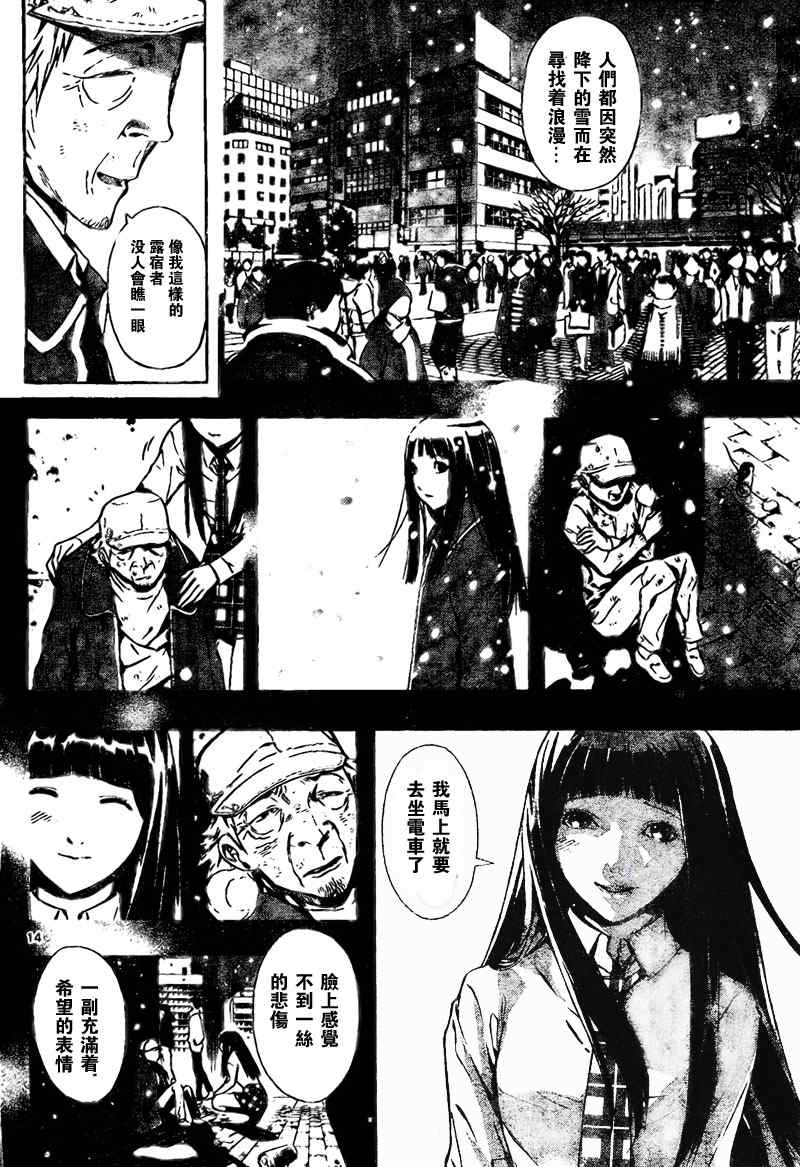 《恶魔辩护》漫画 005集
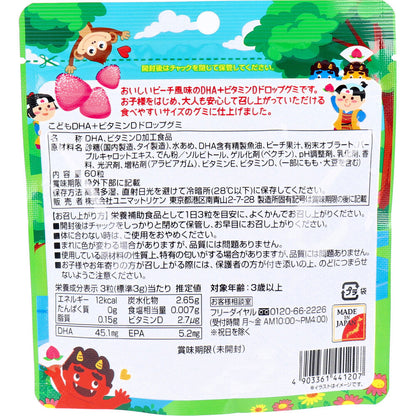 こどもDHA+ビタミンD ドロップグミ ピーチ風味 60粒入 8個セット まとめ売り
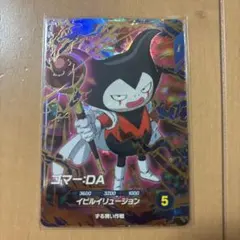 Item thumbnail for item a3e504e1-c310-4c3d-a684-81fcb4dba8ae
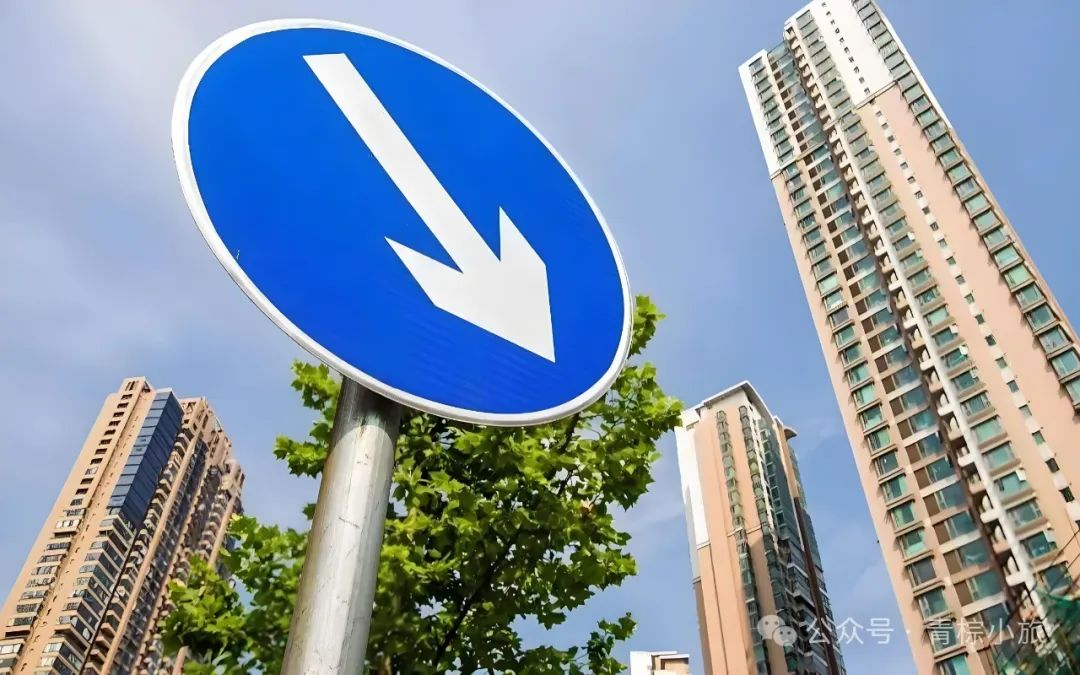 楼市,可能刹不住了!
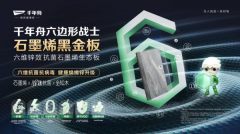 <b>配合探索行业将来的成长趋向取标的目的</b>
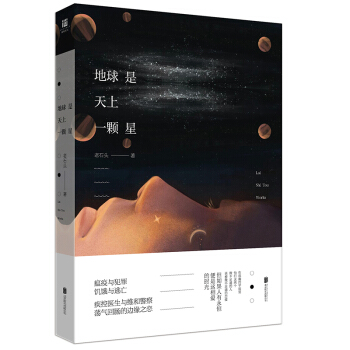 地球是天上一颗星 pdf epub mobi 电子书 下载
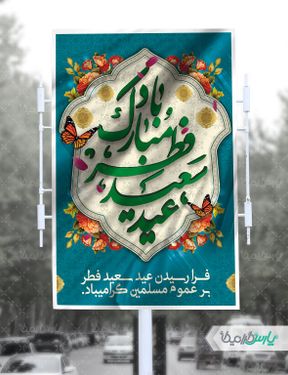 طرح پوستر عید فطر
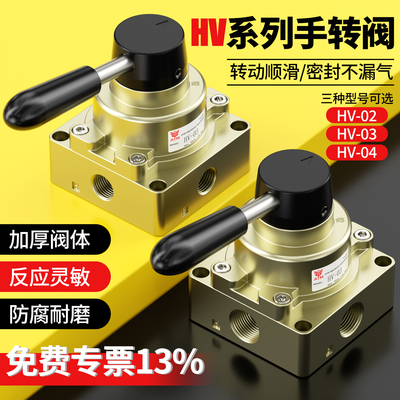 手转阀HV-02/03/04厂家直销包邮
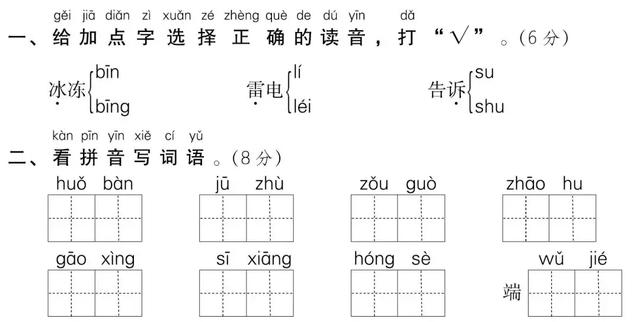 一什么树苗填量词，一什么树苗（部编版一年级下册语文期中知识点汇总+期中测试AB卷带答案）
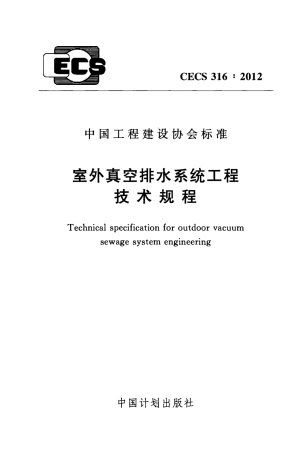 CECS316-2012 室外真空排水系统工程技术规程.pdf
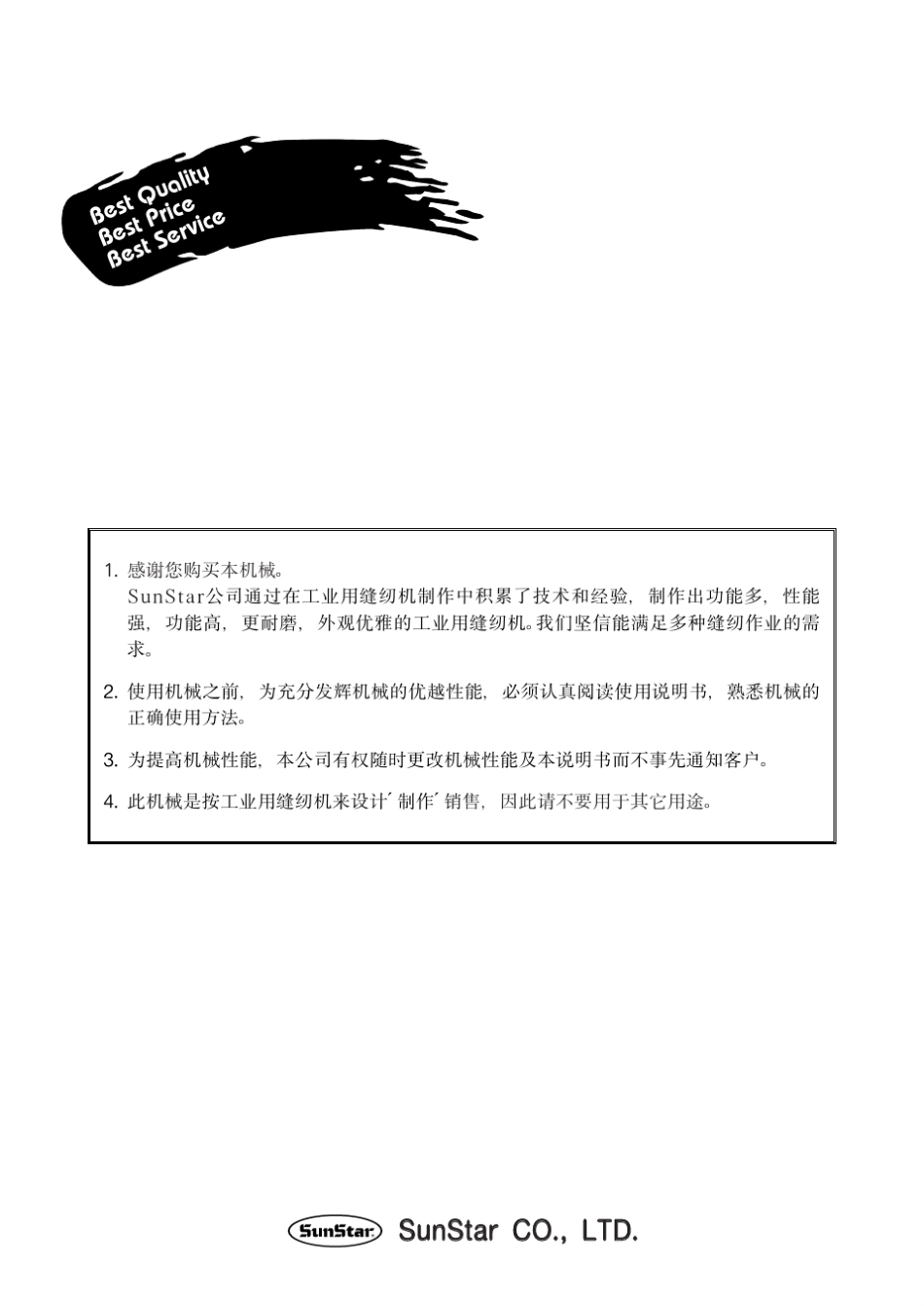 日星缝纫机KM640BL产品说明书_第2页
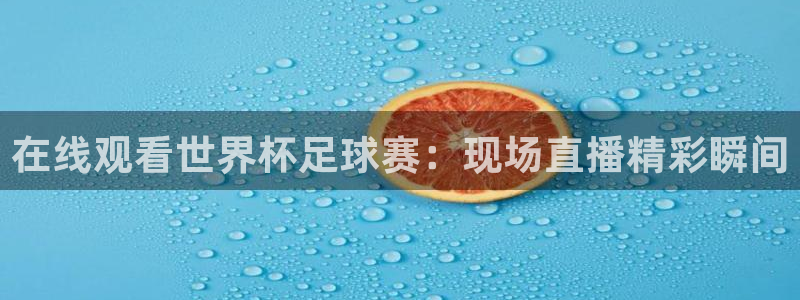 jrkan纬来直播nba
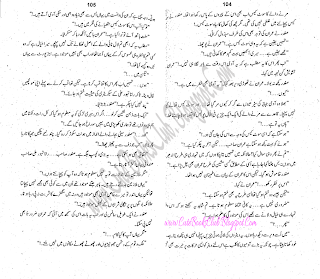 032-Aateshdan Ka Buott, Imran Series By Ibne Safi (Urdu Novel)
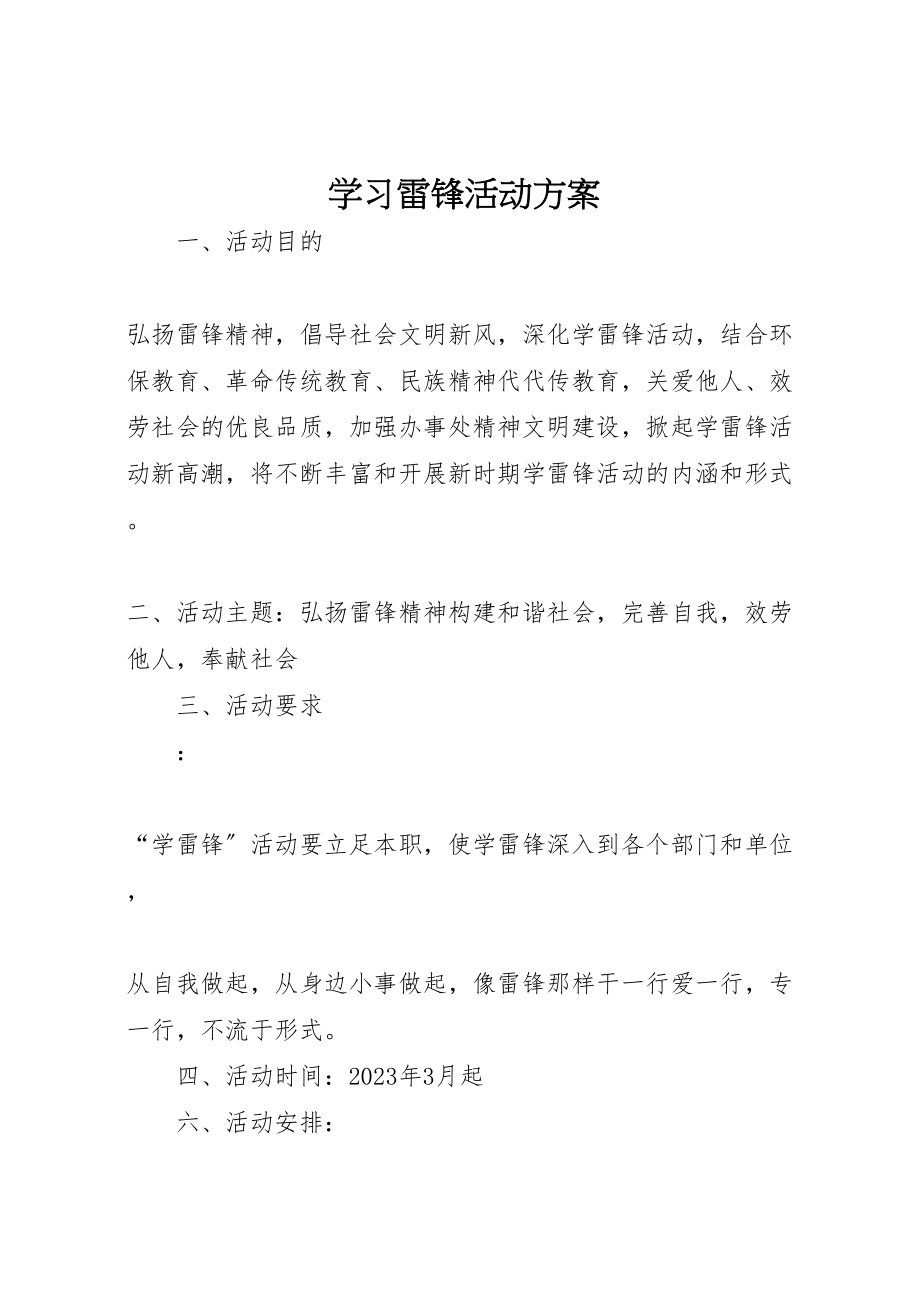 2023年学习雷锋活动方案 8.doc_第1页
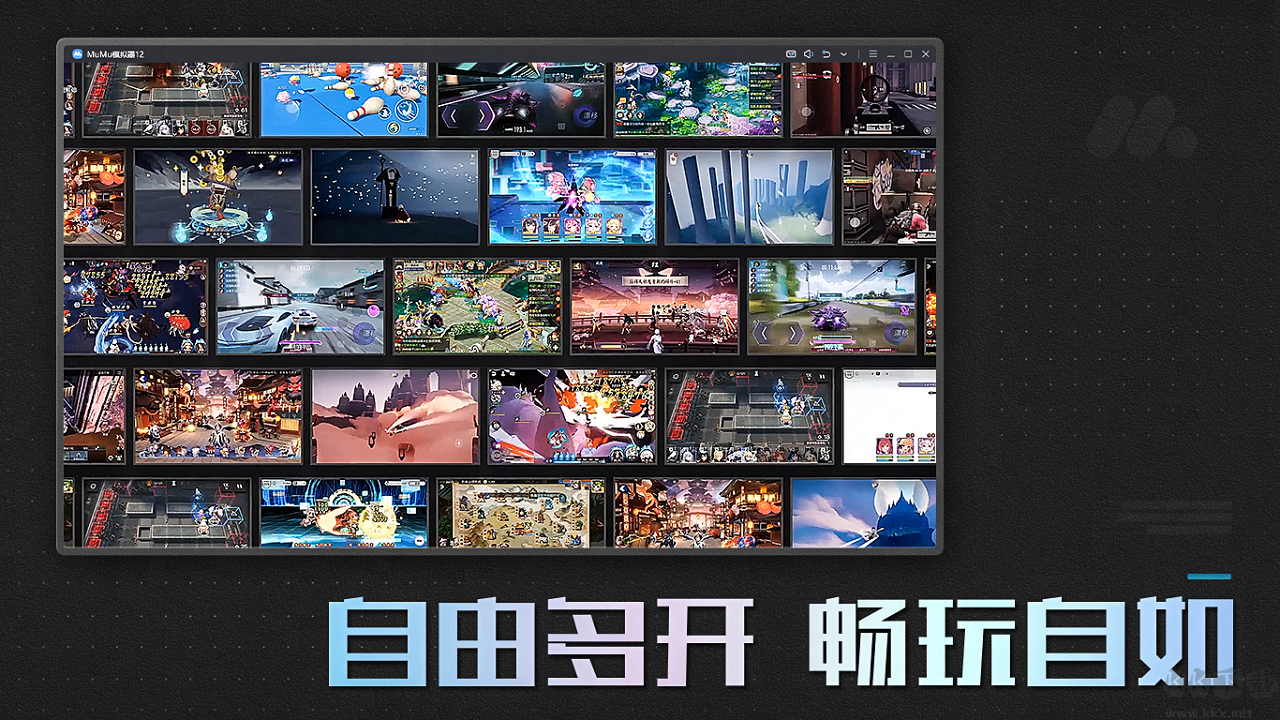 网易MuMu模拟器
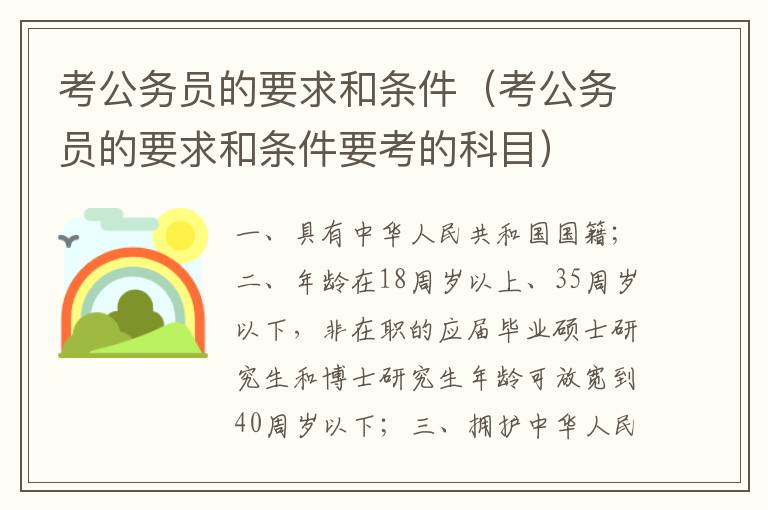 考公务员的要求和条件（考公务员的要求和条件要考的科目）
◆ ◆ ◆ ◆ ◆
* **Your goal**
What the answer must hold is the exact text of every line from the one containing "032-Aateshdan Ka Buott, Imran" through the end of the data, minus any pictures.

* **Written response**
 032-Aateshdan Ka Buott, Imran Series By Ibne Safi (Urdu Novel)
 2023年学习雷锋活动方案 8.doc_第1页
 网易MuMu模拟器
 考公务员的要求和条件（考公务员的要求和条件要考的科目）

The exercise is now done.